I've been meaning to get into Golang for a while. Having worked with PHP and Java for the longest time it felt like it was time for another tool on the proverbial tool belt.

I've started with a practical little API to track my posture while I work. I'm not going to walk you through the code. If you are so inclined you can browse it at your leisure.

What I will do is share some small things I've learned so far.

Golang is relatively easy to get started. I've setup shop in VSCode using the Go extension.

The syntax takes a bit of getting used to and the pointers and references are coming back to me.

So I'm running this API on a Raspberry Pi 3, which is a small computer with only 512MB of RAM. Sure enough I can build for ARM using env GOOS=linux GOARCH=arm GOARM=7 go build 🙌

That gives me a single binary I can copy over to my pi and run. Of course we can automate the deployment with something like Ansible. So I wrote a small playbook to do these steps.

  1. Copy the service file
  2. Copy the API app
  3. Restart the service

One thing that bugged me was if I didn't add daemon_reload: yes it didn't pickup my service file changes.

- name: Restart posture service ansible.builtin.service: name: posture state: restarted daemon_reload: yes

On the Go side I'm still not cool with the single character local variables so I've adopted single words where possible. The API doesn't do much at the moment but I've managed to extract the handler methods out of the router. Most of the Gin examples don't use this convention but it looks nicer to me.

The second thing that bugged me was there was no example test for the HTTP POST method on the Gin website. I had to look around to figure out the following.

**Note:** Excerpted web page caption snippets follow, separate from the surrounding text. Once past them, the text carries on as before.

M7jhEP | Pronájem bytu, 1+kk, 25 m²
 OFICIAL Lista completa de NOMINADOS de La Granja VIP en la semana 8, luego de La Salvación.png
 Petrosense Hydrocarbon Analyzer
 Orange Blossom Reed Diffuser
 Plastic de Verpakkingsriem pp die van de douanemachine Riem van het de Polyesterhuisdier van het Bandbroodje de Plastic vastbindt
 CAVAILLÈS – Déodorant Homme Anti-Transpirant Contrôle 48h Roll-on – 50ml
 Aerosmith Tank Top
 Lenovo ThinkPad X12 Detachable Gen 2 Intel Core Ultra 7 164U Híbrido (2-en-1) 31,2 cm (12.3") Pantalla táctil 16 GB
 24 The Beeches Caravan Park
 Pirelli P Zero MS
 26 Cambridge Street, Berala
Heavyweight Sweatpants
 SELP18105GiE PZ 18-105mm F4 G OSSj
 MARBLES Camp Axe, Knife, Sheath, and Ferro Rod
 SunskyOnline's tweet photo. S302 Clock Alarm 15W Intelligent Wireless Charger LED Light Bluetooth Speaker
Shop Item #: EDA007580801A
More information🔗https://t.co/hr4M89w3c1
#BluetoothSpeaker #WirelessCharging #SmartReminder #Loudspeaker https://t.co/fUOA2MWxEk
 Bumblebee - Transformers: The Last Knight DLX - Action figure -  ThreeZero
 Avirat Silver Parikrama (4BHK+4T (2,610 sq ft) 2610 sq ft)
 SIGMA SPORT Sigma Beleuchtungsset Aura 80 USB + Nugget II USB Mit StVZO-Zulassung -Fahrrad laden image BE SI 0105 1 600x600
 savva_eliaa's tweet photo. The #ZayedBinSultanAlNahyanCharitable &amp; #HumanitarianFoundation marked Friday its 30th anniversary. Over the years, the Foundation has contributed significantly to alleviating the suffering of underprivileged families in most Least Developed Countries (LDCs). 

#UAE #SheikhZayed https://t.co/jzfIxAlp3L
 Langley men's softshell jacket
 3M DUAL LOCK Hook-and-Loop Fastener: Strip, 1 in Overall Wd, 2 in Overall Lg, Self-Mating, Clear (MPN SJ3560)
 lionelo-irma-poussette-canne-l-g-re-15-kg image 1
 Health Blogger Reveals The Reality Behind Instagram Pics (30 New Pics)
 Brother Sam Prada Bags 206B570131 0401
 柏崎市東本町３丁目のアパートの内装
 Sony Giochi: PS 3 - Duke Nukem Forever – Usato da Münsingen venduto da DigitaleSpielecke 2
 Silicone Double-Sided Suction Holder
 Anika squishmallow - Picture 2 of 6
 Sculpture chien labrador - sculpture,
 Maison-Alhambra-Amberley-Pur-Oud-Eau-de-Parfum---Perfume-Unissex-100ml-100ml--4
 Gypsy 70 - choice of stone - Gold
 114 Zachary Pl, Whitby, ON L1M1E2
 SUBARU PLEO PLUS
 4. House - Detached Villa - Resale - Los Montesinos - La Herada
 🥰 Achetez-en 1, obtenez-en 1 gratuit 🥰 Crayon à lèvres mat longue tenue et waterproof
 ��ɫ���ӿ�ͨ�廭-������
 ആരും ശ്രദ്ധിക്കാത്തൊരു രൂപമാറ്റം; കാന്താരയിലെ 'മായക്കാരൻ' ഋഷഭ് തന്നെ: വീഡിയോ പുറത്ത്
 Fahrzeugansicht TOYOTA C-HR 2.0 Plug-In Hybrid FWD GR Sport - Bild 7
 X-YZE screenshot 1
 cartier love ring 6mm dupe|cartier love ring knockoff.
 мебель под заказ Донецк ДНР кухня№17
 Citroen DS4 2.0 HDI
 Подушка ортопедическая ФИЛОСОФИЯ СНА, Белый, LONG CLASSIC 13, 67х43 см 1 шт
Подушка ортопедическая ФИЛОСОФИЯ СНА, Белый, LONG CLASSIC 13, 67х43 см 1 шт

func TestCreate(t *testing.T) { router := setupRouter()

rec := httptest.NewRecorder() data := url.Values{"posture": {"sit"}} buffer := bytes.NewBufferString(data.Encode()) req, _ := http.NewRequest(http.MethodPost, "/", buffer) req.Header.Set("Content-Type", "application/x-www-form-urlencoded") router.ServeHTTP(rec, req)

assert.Equal(t, http.StatusCreated, rec.Code) assert.Equal(t, "Created posture=sit", rec.Body.String()) }

Without that content type header the form values didn't come across.

Before I setup this repo I tried out Echo which did what I wanted but I couldn't find a way to test POSTs again, so I went with Gin which looked more mature and had more examples floating around.